São Paulo - Está no Relatório sobre o Desenvolvimento Humano, versão 1999, a ser divulgado oficialmente amanhã pelas Nações Unidas:
"Os mercados não são nem a primeira nem a última palavra no desenvolvimento humano. Muitas atividades e bens essenciais ao desenvolvimento são fornecidos fora dos mercados, mas estão sendo gradualmente eliminados pela pressão da concorrência mundial."
Nada de muito diferente do que o leitor poderá ter lido em quem não se dobrou à ditadura do chamado "pensamento único", o receituário neoliberal que recomenda deixar tudo ao livre arbítrio do mercado.
O que há de espantoso no trecho acima reproduzido é o fato de um organismo internacional se sentir compelido a dizer coisas tão óbvias, porque ficaram soterradas pela adoração dos mercados.

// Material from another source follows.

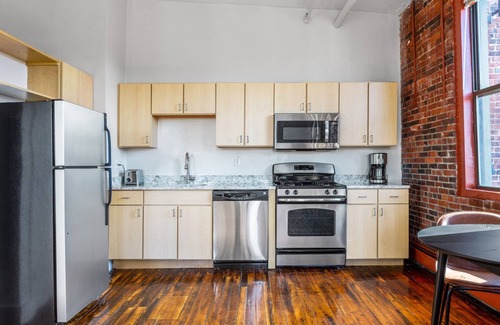 South End House | Unique South End Loft w/Pool, Art Gallery, Steps to T by Blueground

O relatório da ONU é, acima de tudo, um libelo contra a globalização nos termos em que ela foi imposta ao planeta. Ou contra a "globalização assimétrica", para usar expressão de Fernando Henrique Cardoso, feliz expressão mesmo vinda de quem não faz nada, rigorosamente nada, para diminuir a assimetria.
Como as vítimas da assimetria não se mexem, talvez a esperança de uma mudança possa ser posta exatamente no lado oposto, nos ganhadores. Pesquisa recente da Battleground norte-americana, empresa bipartidária conduzida por um republicano e um democrata, mostra que a maioria absoluta dos americanos (51%) acha que as coisas se movem na direção errada. Mostra igualmente que o pessimismo sobre o futuro supera o otimismo por 15 pontos percentuais, quando o usual é um equilíbrio relativo.
Estamos falando de um país que cresce há sete anos consecutivos e que é visto como o líder mundial incontrastável. Se os ganhadores se sentem mal, talvez as coisas comecem a mudar. Só assim, aliás, porque os perdedores renderam-se.